> Your task:
Find, in the records below, the line that contains "Mountaintop Guest House" and the line that contains "fig 1. A Queen". Copy those two lines and everything between them exactly, but not the pictures.

> Data to examine:
━━━━━━━━━━
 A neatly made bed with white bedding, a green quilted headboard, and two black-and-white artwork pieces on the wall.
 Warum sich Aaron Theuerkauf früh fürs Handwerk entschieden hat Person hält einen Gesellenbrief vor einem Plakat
━━━━━━━━━━
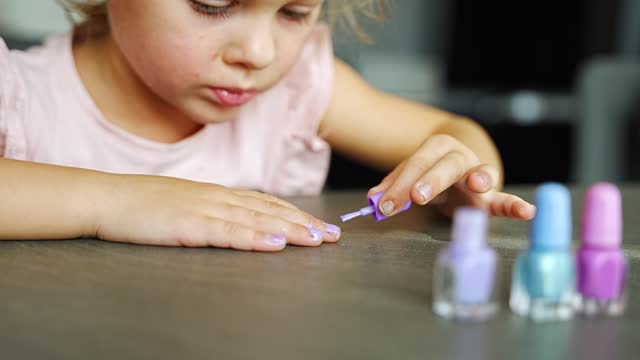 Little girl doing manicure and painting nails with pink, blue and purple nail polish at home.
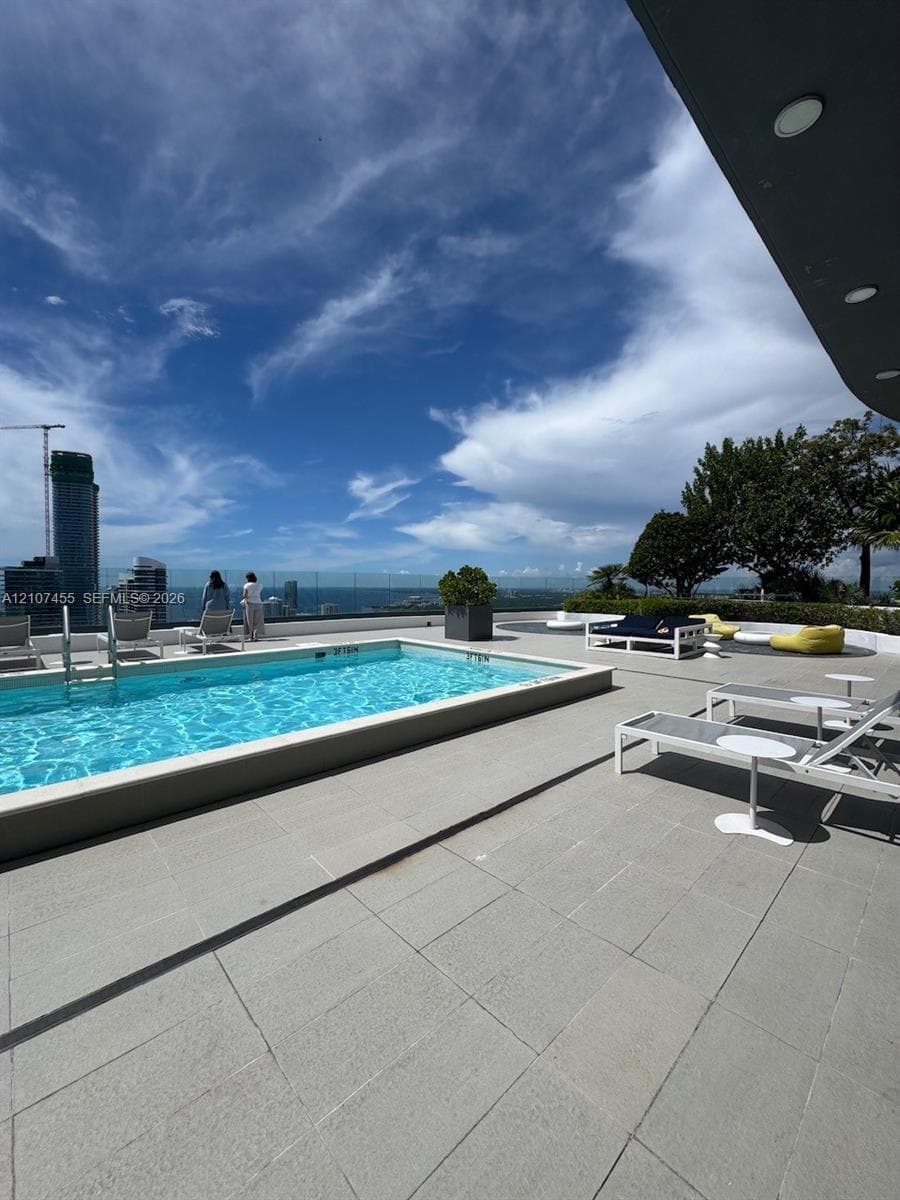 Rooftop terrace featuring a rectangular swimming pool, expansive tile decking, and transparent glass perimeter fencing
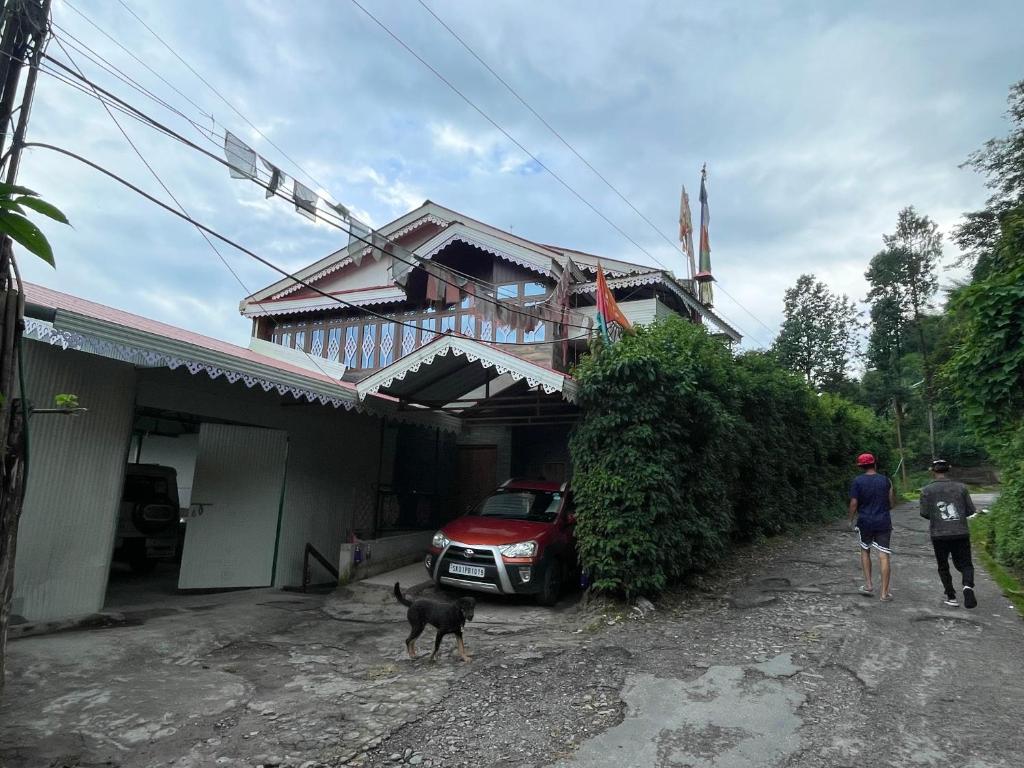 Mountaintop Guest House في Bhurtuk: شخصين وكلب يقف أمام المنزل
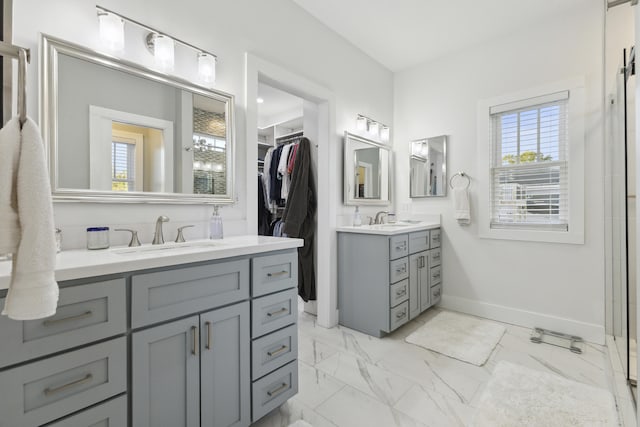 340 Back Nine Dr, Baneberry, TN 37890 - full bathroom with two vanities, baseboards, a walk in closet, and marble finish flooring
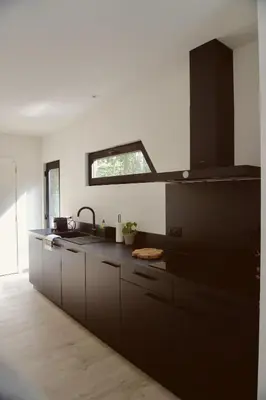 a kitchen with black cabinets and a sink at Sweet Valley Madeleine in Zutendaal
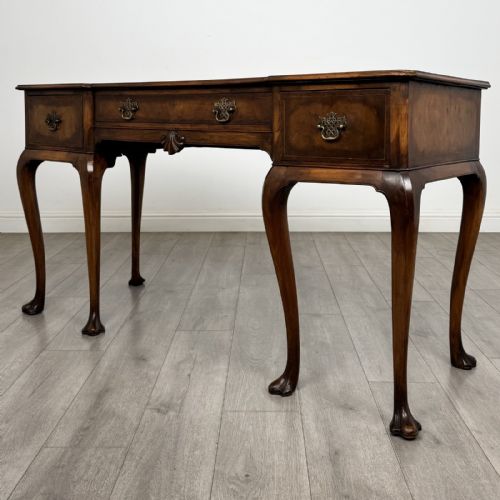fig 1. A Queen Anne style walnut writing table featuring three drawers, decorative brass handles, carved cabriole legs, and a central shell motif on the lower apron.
━━━━━━━━━━
> Answer to this exercise:
 Mountaintop Guest House في Bhurtuk: شخصين وكلب يقف أمام المنزل
 340 Back Nine Dr, Baneberry, TN 37890 - full bathroom with two vanities, baseboards, a walk in closet, and marble finish flooring
 a kitchen with black cabinets and a sink at Sweet Valley Madeleine in Zutendaal
fig 1. A Queen Anne style walnut writing table featuring three drawers, decorative brass handles, carved cabriole legs, and a central shell motif on the lower apron.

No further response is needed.